Something that he does that's annoying but I love ,would have to be collecting up socks or using his bed as a humpy partner,or spreading his toys to cover all of the livingroom! We haven't had a tidy house since we got a 'poo! It may start off that way but he just loves to fling his stuff around!


----------



## theaccessman (Mar 12, 2012)

Follows me every where to the point that I have to suffle my feet when I turn around to avoid steping on her
Whines when I leave home and goes crazy when I return dancing on her back legs and pawing at my waist
Loves to have her belly rubbed and reminds me with a gentle head bump when we are on the couch watching TV


----------



## Dextersmum (Feb 9, 2012)

Oh,something else..he licks my nose and sticks his tongue up my nostrils. I'm sure he sees it as a bonding thing,it looks pretty gross though!


----------



## wellerfeller (Jul 12, 2011)

Oh and he also cries like a baby when he sees my sister! He doesn't do it to anyone else, he has realised she is a soft touch. He cries, she squeals but they both seem happy with that arrangement, I can almost see him wink at me when she picks him up for a cuddle and how lovely it is that he loves her so much!


----------



## Pepster (Jul 22, 2011)

Ha ha, so many similarities, pawing for bellyrubs, leaving toys all over the living room, following us everywhere, taps on the door to be let out, pounds on the door to be let back in ! 
Other things that drive me crazy, I have to clean my bay window several times a day as it's PEppers favourite place to sit and she breathes all over the glass, she pretends she's not watching the kids eat their snacks but as soon as they get up she's up at the coffee table stealing their wrappers, Dives for the tissue if anyone sneezes or tries to blow their nose, jumps at visitors or sits right next to them on the sofa expecting a stroke, sits in front of me staring at me very, very nicely to try and get a biscuit out of me and if I don't get one she gently paws at me then sits back down, and sticks her nose under my arm for a cuddle when I'm trying to type!  
Think that's all lol


----------



## Dextersmum (Feb 9, 2012)

That's another one,when I'm trying to type on the laptop,Dexter sticks his head under my hand and lifts it up to stop me typing and give him a fuss!


----------



## JoJo (Mar 2, 2011)

Well I have 3 of them following me everywhere ... have to stop them following me into the toilet  ahh its cockapoo love ...


----------



## RobClairenIzzy (May 1, 2012)

My fave is the way they **** their head from side to side when you talk to them its like they are saying you WHAT!
The consistant tissue stealing JUST to rip it shreds and leave a complete mess all over the floor. They also go into visitors bags and pockets to steal tissues!! 
The fact I now get nothing done as it is impossible to say no to a Cockapoo when they want attention. The rules you start out with when you get them such as not upstairs, then definately not on the bed, never on the setee all broken in the blink of a cockapoo eye


----------



## calisphere (Jun 9, 2012)

Oh yes, socks.... Never should have taught Scrap that one. Can't put socks on without teeth trying to take them off again. She's also a window smudger and feels that I do not clean my nose/ears/mouth/chin well enough. She (and the cats) also seem to like licking my armpits, even with deodorant. I'll never understand that one.

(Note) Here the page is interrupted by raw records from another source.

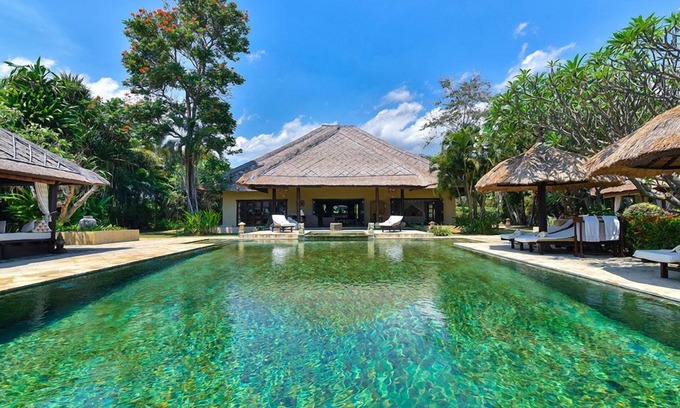 Dencarik Villa | Villa Lotus - 8BR Beachfront Villa With Private Pool And Staff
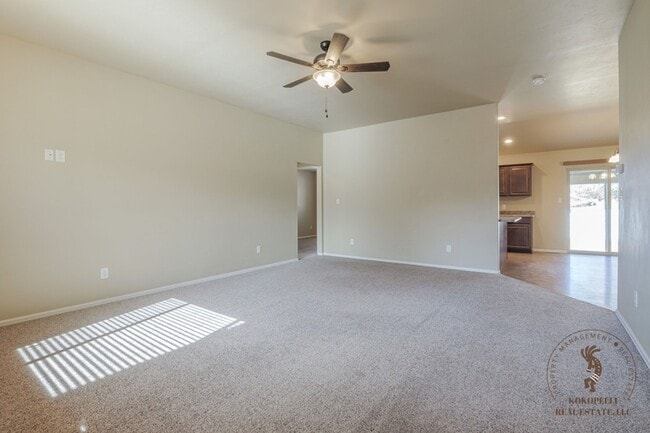 Photo - 2348 Carolina Dr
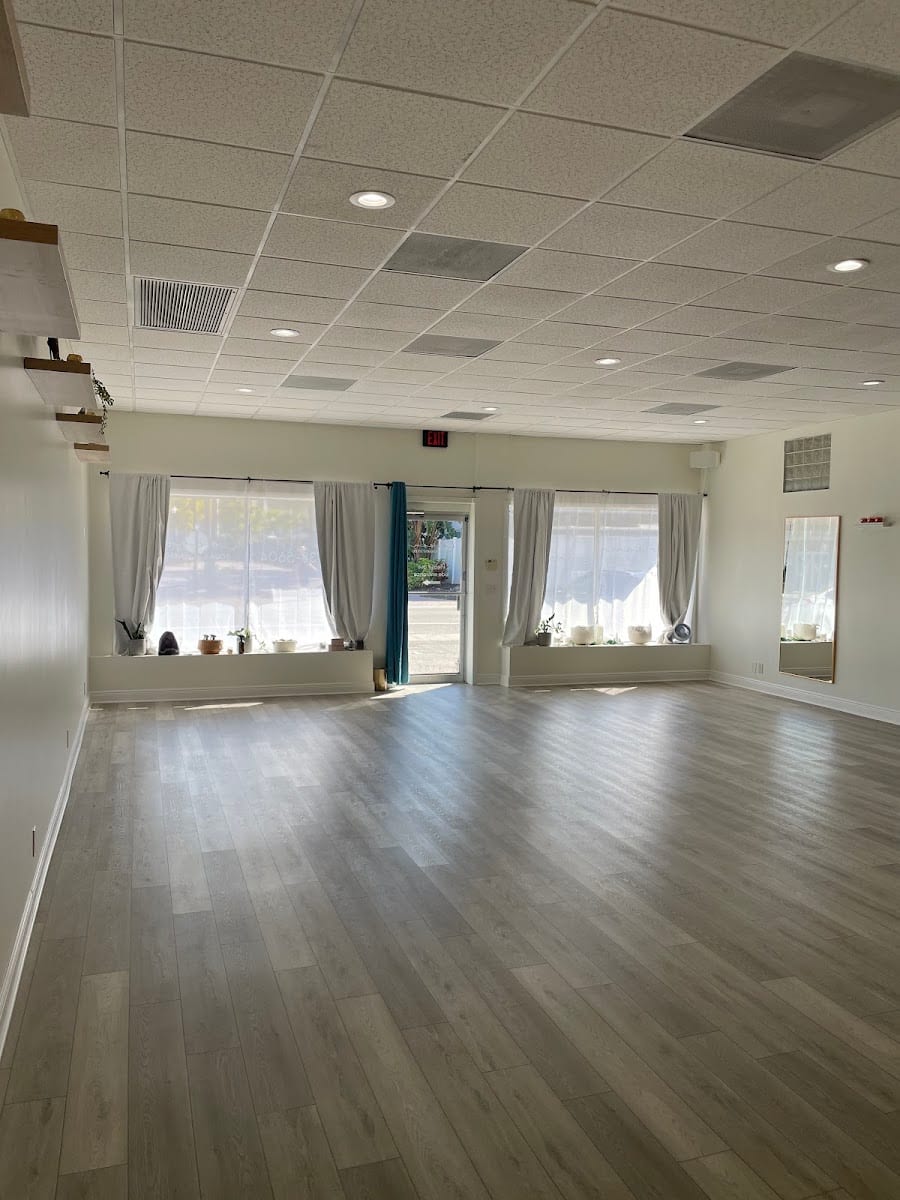 Cocoon: Yoga & Movement Studio, photo 2
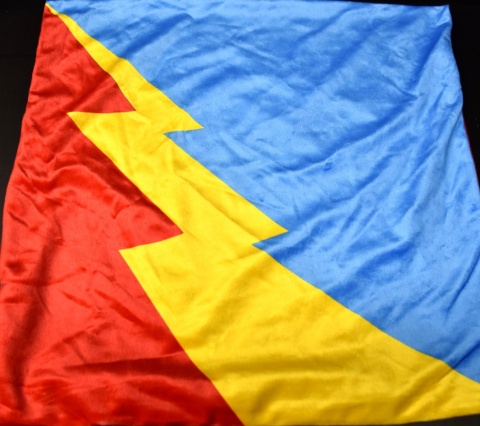 Poszewka na poduszkę jasiek Auta Zygzak Mcqueen dziecięca welur 40x40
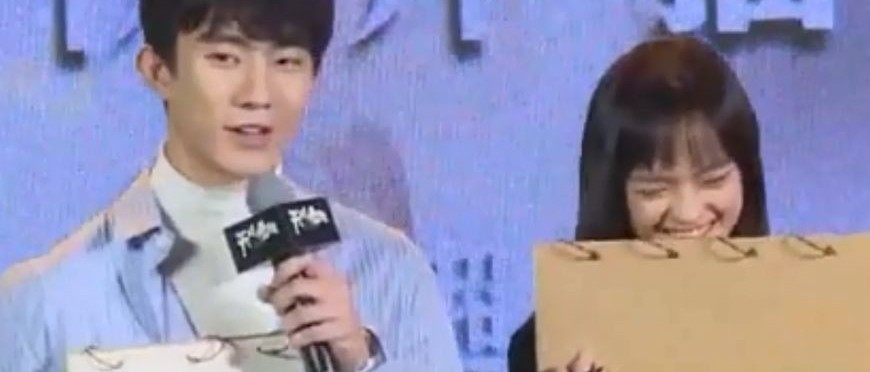 《天坑鹰猎》王俊凯做人工呼吸,被拍成吻戏,导演是这样解释的!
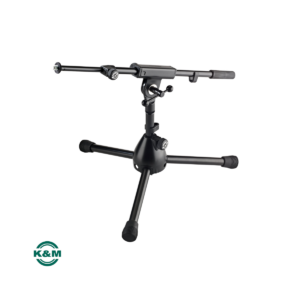 Soporte bajo de micrófono con base de trípode plegable König & Meyer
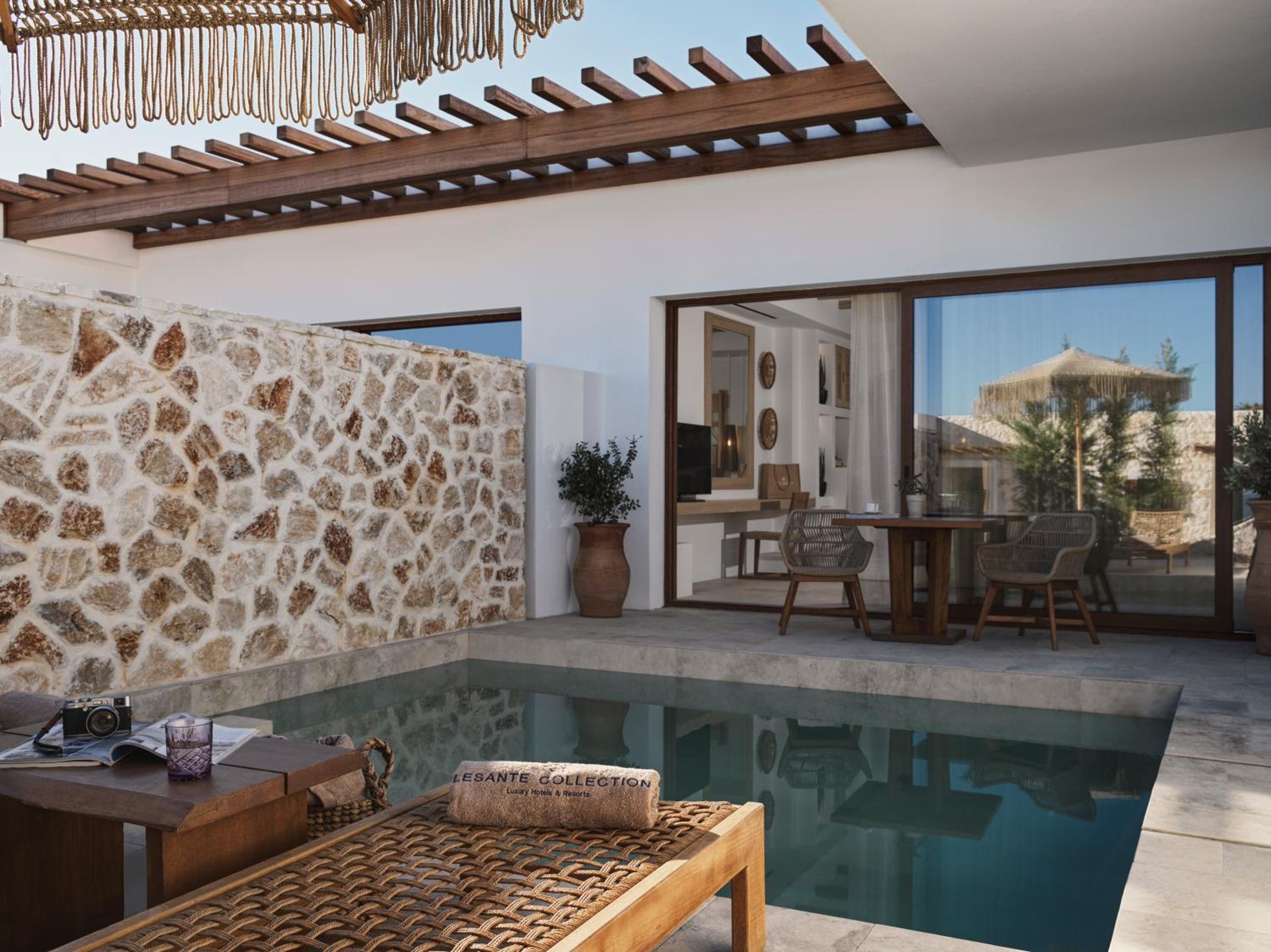 Signature Suite Garden View with Private Pool - Photo 4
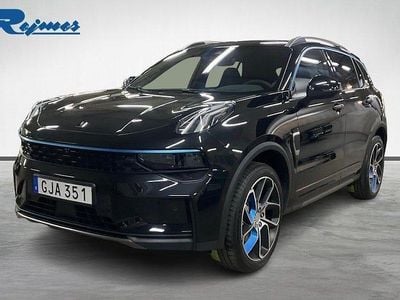 Begagnad Lynk & Co 01 180 HK (132 kW) 2023 Svart metallic SUV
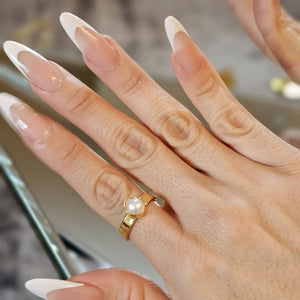 Classic Pearl Ring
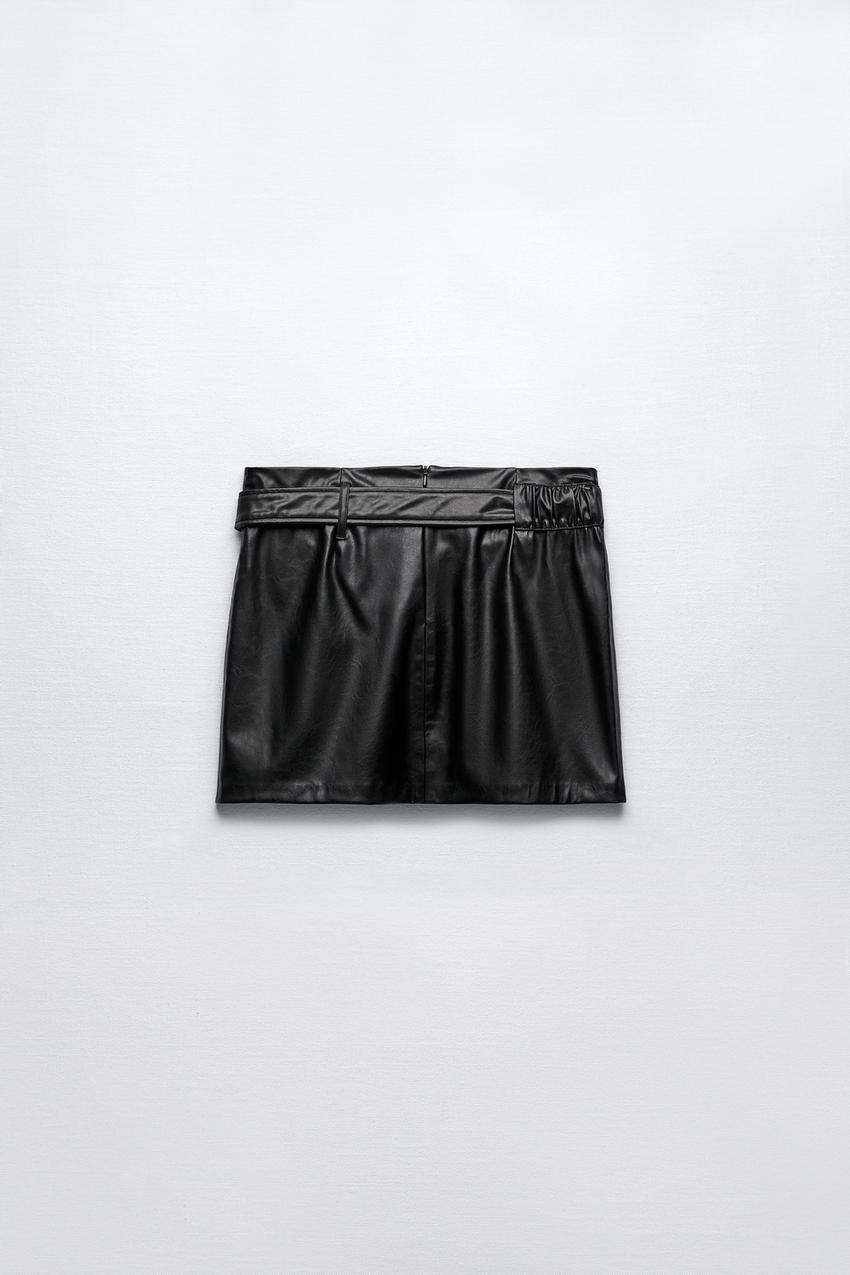 FALDA EFECTO PIEL CINTURON Negro ZARA Espana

She may actually be a cat in a dog suit because when I read in bed, she'll do the whole get-between-mom-and-the-book thing. Anyone knows what it's like trying to read with a 17 pound dog (7.7kg?) on a nose that was once broken? Doesn't feel good. Lol


----------



## Janev1000 (Oct 4, 2011)

Who me?!!....dishwasher scrounger?!?!?!!!


----------



## Janev1000 (Oct 4, 2011)

Forgot to say Cali - Scrappi is absolutely gorgeous! x


----------



## lady amanda (Nov 26, 2010)

hahahah Jane! yup looks like it to me!


----------



## mrsmac (May 10, 2011)

Yep. Maisie's had her nose caught in the dishwasher door more than once!!! Constantly pinches my washing socks, bras to run round the garden with ( and definitely grins while she runs round with them!!!)


----------



## calisphere (Jun 9, 2012)

Janev1000 said:


> Forgot to say Cali - Scrappi is absolutely gorgeous! x


Thanks! Could be a clone of your pup, at least in the body. I'd have to see a face picture.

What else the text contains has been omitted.